Erstes Formel-1-Team zeigt Auto mit Augmented Reality
In diesen Tagen zeigen die Formel-1-Teams ihre neuen Autos für die Saison 2021. Statt aufwändiger Shows vor Ort oder an der Rennstrecke setzen Mercedes, Ferrari, Red Bull & Co. wegen Corona auf Videostreams, die Fans und Journalisten live verfolgen können. Heute ab 16 Uhr deutscher Zeit wird es besonders spannend, mit Sebastian Vettels neuem Aston Martin. Am Freitag ist dann Williams dran. Und die Hinterbänkler der letzten Jahre fahren zumindest virtuell an der Spitze des Feldes.

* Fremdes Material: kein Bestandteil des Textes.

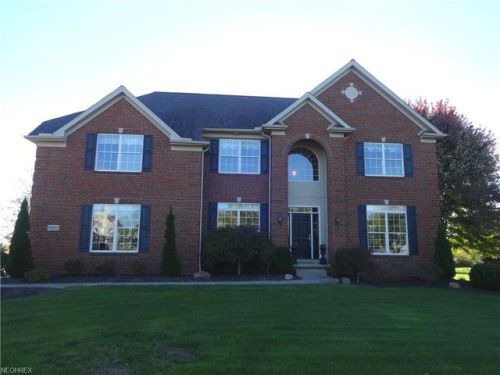 9503 Lister Ln, Twinsburg, OH 44087-3275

Das englische Traditionsteam zeigt sein neues Modell FW43B als erster Rennstall per App mit einer Augmented-Reality-Anwendung. "Schaut Euch das Auto direkt bei Euch zuhause an", verspricht Williams in einem Tweet. Der neue Renner von Supertalent George Russell und Bezahlfahrer Nicolas Latifi steht damit ab Freitag um 15 Uhr lebensgroß mitten im Wohnzimmer oder im Büro der Fans. Die AR-App von Williams fürs iPhone ist bereits fertig, Android soll in Kürze folgen.